The investment firm of JB Pritzker, the Democratic nominee for governor of Illinois, purchased a company that eventually settled a lawsuit with the U.S. Department of Labor for failing to fully pay employees their wages and overtime pay.
The same company, Apollo Industries, is also believed to be under investigation for a major chemical spill in the Chattahoochee River in north Georgia.
According to court filings, the allegations of wage theft by Apollo Industries (since renamed Plaze) date back to 2012.
A company already owned by Pritzker took over Apollo Industries in November of 2015. The Labor Department filed suit against the company in February 2016, accusing it of "failing to pay employees for some hours worked in some work weeks and failing to compensate some employees at a rate of at least $7.25 per hour," and "failing to pay additional compensation to employees when they worked more than 40 hours in a work week."
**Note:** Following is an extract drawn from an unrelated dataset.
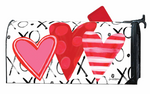 Be My Valentine MailWraps® Mailbox Cover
Over 190 employees were listed in the court file seeking back pay.
While still under Pritzker's control, the company initially disputed the charges but then agreed to a judgment by the court in March of 2017 and was ordered to pay more than $110,000 in back wages and damages. Other court documents show that about two dozen of the workers received more than $1,000 at the conclusion of the case.
Pritzker's website, under "issues," offers the following summary of Pritzker's stance on wage theft:
[Illinois Governor Bruce] Rauner wants to help business at the expense of workers. Governor Rauner’s extreme "turnaround agenda" fails to acknowledge the enforcement and investigative work that must be done to protect workers.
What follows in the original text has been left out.